Arroyo Chico Watershed Based Plan
According to the Environmental Protection Agency:
"Development of a watershed management plan is a key step in Watershed Management, leading to restoration of a polluted or otherwise impaired waterbody. Development and implementation of these plans to focus on addressing a specific nonpoint source impairment qualifies them as Watershed Based Plans, with the ultimate goal of reducing or removing the impairment, so the waterbody can meet Water Quality Standards, and be removed from the list. US EPA has described Nine Elements that must be addressed in an approved Watershed Based Plan to qualify for funding under Section 319 of the Clean Water Act. Watershed management plans can widen the scope of Watershed Based Plans by addressing other water and land resource issues on a watershed scale, above and beyond the specific impairments."
In order to meet the goals of the Clean Water Act, the state of New Mexico developed the Federal Clean Water Action Plan (CWAP) in 1998. The ambition was to identify watersheds within the state that have water quality concerns and prioritize their rehabilitation efforts.

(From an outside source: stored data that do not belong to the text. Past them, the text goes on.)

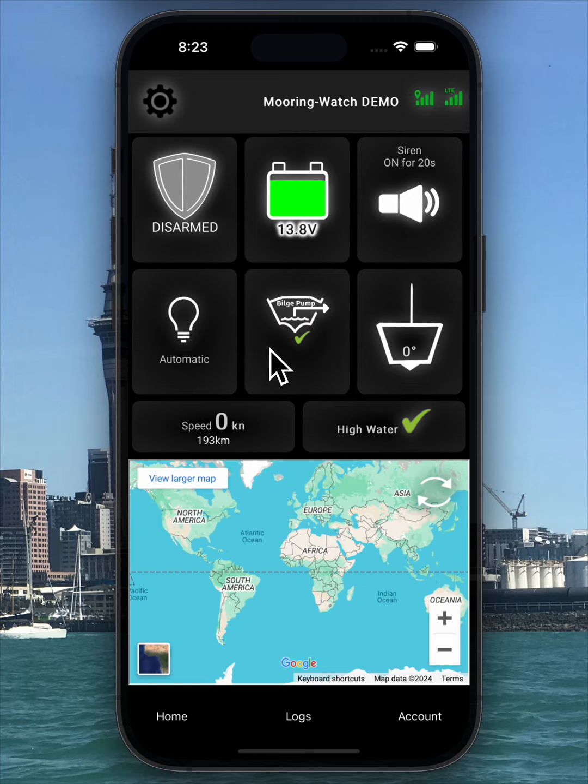Next to that is the bilge pump icon, which indicates whether it has run in the last 24 hours or shows when it was last active. The rolling pitching icon displays the current state of the boat's movement. In the next row, the odometer shows the current speed and total distance. On the far right is the high water sensor reading. A green tick means no water is detected, while a red cross indicates water has reached the sensor.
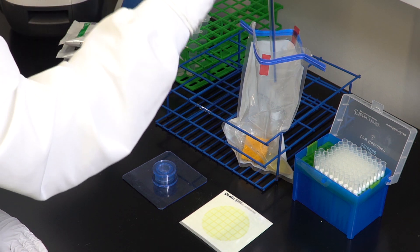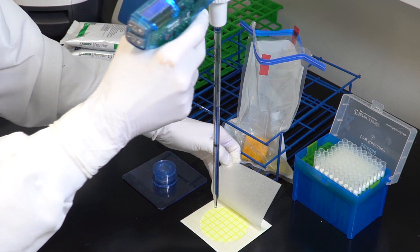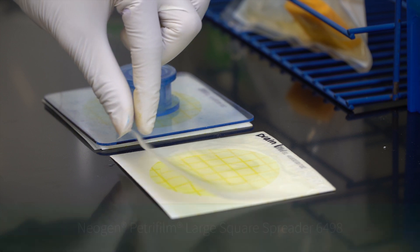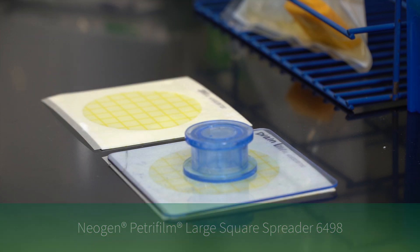To inoculate, lift the top film and dispense three milliliters of the prepared sample onto the center of the bottom film. Roll down the top film and place the Neogen Petri Foam large square spreader over the sample. Press gently to distribute the sample evenly.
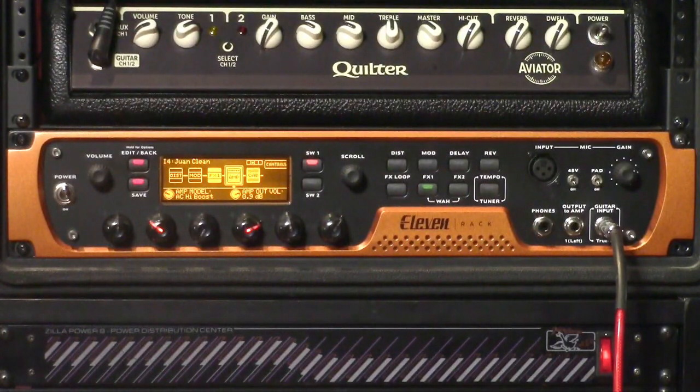And here is an EL84-voiced amp — very British sounding. You can probably figure out what this one is. So we've got this sort of tone.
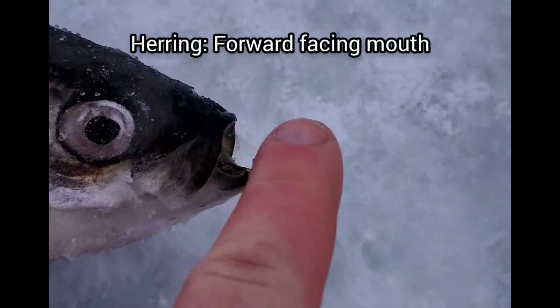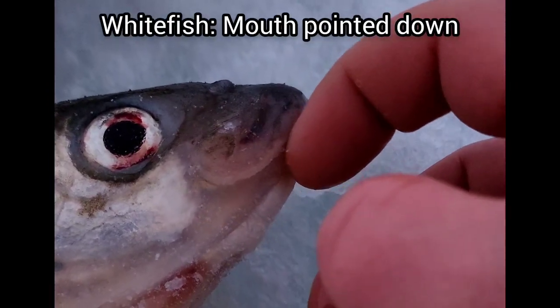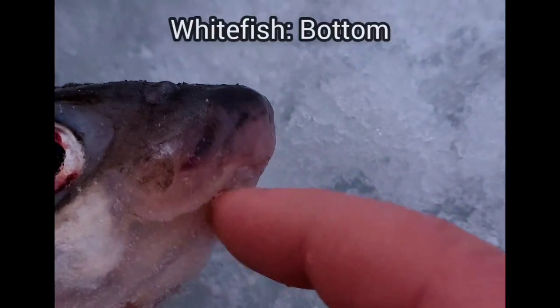Here's the herring — look at its mouth. It opens directly in front of the fish's body. See it open there: the bottom lip comes up and it's almost to the top of its face. Whereas the whitefish has a big upper lip and the mouth is below it. Herring the mouth opens to the front; whitefish the mouth opens from below.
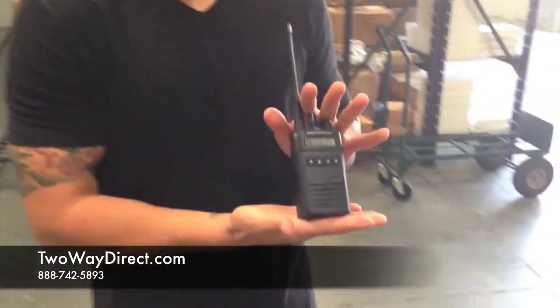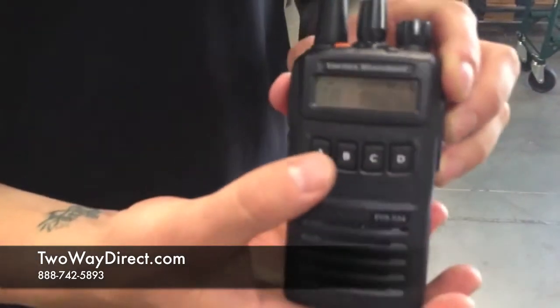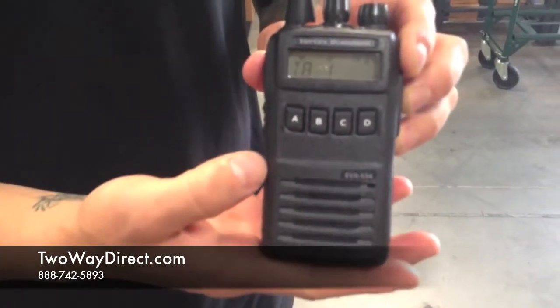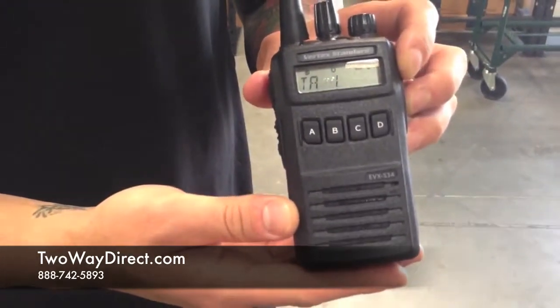Hi, this is Matt with 2A Direct and today I'm here with the EVX 534 radio. This version has a limited keypad and display. It's also available with no keypad and no display, and also a full keypad with display.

A statewide task force conducted the New Mexico Unified Watershed Assessment (1998) that responded to mandates made by the CWAP and evaluated watersheds within New Mexico. Twenty-one out eighty-three watersheds in New Mexico were identified as “in need of restoration,” also known as Category I. The Rio Puerco Watershed including he Arroyo Chico was identified as Category I. And even though the Arroyo Chico has no identified Impaired Waters, it is one of the biggest contributors of sediment to the Rio Puerco and further down to the Rio Grande.